Chiarì subito lo scopo e il carattere: un pellegrinaggio “religioso, per rendere onore a Cristo, nella terra che la sua venuta al mondo ha reso santa e degna di venerazione da parte dei Cristiani”. E inoltre “rapidissimo, con carattere di semplicità, di pietà, di penitenza, di carità”.
Per il suo viaggio internazionale la Terra Santa assunse valore simbolico: quello era un ritorno alle sorgenti della fede cristiana e della vita della Chiesa. Il Papa, in altre parole – nel bel mezzo del Concilio – voleva far capire a tutti quale doveva essere la missione della Chiesa, proprio ritornando nei luoghi in cui il Signore Gesù l’aveva affidata a Pietro e ai suoi successori. Decentrandosi da se stessa, la Chiesa doveva ricentrarsi su Cristo e sulla propria origine.
Coi successivi viaggi in India e a New York, invece, la Chiesa veniva invitata a mettersi in cammino verso nuove frontiere, attraverso l’apertura al mondo, ai cristiani non cattolici, ai credenti di altre religioni, ai non credenti, alle culture e agli spazi dell’azione missionaria.
Ecco perché il cardinal Angelo Scola, commemorando quello storico pellegrinaggio, ha invitato a cogliere “la sua imminente beatificazione come una grande occasione per riscoprire l’importanza di una figura e di un pontificato che hanno aperto la via ai successori”.

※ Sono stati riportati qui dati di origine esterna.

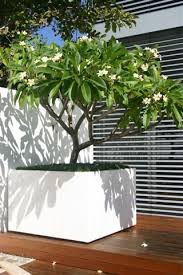 Extra Large Planters Large Outdoor Planters Outdoor Planter Boxes Large Backyard Landscaping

Giustamente quello fu definito un pellegrinaggio storico, breve, ma quanto mai significativo, perché in un colpo solo colmò quasi duemila anni di storia del Cattolicesimo. Commovente l’accoglienza ricevuta dal Patriarca ecumenico di Costantinopoli e dagli ortodossi. Commenterà lui stesso: «Siamo davanti a cose che, se gli indizi iniziali tengono fede a ciò che promettono, sono veramente grandi, e dobbiamo dire travolgenti: siamo davanti forse a qualcosa di divino, soprannaturale. Ma il momento in cui io mi sono sentito soffocare dalla commozione e dal pianto è stata la Messa sul Santo Sepolcro, nel proferire le parole nella consacrazione e nell’adorare la presenza sacramentale di Cristo là dove Cristo consumò il suo sacrificio. Là ho pregato per voi, collaboratori, con tutti i vescovi del mondo, i sacerdoti, i fedeli; e ho pregato quel Gesù, che mi ha dato questa grande fortuna di sentire così vicina la sua presenza, la sua azione, la sua assistenza, che mi riempisse di grazie e di gaudio, non solo per la mia povera anima».
Anche chi di noi è stato in Terra Santa, per onorare – nei luoghi santi, dove Cristo nacque, visse, morì, risorse, salì al cielo – i misteri primi della nostra salvezza (l’Incarnazione e la Redenzione) vive la fede nel Signore e l’amore alla Chiesa con maggior ardore ed entusiasmo!